In the case of five-component mixtures such as we are dealing with here, you might think that there would be five degrees of freedom in the spectral data. However, since the mixture components must add up to 100% (called closure of the dataset), the concentration of any four components determines the concentration of the fifth; therefore it is not “free” to vary independently. The restriction that the mixture ingredients must add up to 100% removes a degree of freedom from the data. Therefore the spectral data should contain 5 - 1 = 4 degrees of freedom. Ideally, therefore, a five-component mixture should be completely represented by four principal components, ignoring the noise. What we should observe then, upon performing PCA, is that the variance remaining in the spectral data should decrease as each new principal component is computed and the effect of that component is removed from the data set. Furthermore, the early components will account for more variance than later components; the first principal component that is calculated will account for the most variance of the data, while each of the later components will remove less and less. The effect is cumulative, and successive components will remove more and more variance from the data until the first four components are found, at which point the remaining variance should represent the random noise remaining in the data, and that noise should not change by any appreciable amount if more principal components are computed. The remaining variance will then remain almost constant as successive principal components are calculated. Plotting this residual variance as a function of the number of components should therefore approach a very small almost-constant value, once all the non-noise variations of the data are removed by this process.
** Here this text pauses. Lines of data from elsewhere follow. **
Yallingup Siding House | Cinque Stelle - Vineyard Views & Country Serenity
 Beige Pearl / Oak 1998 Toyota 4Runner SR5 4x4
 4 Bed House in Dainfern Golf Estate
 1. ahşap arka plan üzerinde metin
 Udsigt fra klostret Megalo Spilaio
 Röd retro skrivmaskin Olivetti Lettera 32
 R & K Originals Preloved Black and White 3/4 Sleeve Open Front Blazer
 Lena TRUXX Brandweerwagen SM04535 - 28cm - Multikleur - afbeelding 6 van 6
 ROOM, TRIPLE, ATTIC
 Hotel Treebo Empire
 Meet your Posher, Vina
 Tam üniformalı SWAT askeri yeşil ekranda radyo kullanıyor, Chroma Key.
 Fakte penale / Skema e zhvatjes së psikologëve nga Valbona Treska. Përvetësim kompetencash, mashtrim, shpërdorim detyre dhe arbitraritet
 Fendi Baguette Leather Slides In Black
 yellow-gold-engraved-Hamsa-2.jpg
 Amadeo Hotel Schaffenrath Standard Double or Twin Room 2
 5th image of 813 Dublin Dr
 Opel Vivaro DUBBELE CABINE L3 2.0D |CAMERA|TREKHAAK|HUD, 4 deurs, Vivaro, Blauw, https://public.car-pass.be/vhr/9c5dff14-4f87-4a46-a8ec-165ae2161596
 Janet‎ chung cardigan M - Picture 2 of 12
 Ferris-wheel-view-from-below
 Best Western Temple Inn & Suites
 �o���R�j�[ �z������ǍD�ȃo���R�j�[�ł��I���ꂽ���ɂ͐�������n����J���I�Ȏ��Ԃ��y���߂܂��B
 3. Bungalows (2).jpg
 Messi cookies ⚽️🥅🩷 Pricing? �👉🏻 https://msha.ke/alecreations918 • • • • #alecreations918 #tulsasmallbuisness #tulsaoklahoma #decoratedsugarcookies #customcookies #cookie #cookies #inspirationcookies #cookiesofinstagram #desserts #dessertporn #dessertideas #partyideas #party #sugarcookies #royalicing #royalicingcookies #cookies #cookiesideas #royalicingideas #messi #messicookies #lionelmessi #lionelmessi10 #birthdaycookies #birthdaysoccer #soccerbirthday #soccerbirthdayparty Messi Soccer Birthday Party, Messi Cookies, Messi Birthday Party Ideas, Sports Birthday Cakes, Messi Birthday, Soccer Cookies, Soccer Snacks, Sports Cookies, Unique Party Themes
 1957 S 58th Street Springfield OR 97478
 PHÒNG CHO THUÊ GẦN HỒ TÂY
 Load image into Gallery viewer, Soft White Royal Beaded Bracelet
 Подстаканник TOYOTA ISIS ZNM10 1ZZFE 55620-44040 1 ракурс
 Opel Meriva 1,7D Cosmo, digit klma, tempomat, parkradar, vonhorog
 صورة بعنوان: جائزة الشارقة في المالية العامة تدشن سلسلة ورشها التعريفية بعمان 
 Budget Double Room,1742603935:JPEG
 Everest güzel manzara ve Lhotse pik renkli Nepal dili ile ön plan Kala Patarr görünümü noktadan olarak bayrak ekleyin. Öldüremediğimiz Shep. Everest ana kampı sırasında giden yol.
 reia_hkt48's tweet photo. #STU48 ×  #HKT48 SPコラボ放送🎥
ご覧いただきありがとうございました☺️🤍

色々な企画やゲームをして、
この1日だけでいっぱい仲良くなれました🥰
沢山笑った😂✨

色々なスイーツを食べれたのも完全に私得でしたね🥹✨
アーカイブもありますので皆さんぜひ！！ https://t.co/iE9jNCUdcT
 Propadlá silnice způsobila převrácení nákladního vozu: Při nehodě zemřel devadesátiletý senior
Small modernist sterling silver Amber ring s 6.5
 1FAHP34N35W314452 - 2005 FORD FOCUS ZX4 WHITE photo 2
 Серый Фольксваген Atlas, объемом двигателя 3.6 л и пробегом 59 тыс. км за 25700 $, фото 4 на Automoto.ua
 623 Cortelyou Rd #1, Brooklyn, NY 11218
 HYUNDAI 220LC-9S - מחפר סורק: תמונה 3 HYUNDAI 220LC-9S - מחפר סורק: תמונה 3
The actual behavior of this data set is shown in Figure 4.
What we actually find in Figure 4, distinct from the theoretical expectation, however, is that there is a continual drop-off of the remaining variance in the data up to at least the sixth principal component. In conformance with theory, the earlier principal components do indeed account for more variance than later ones. Nevertheless, the number of principal components needed to account for or “explain” the spectral data is more than the four degrees of freedom, due to the five individual chemical components that we know are present in the data set (while accounting for the closure of the dataset). The reason for this is also not entirely clear, although it is consistent with the finding, from the examination of the CLS results, of possible interactions between some of the ingredients in the mixtures.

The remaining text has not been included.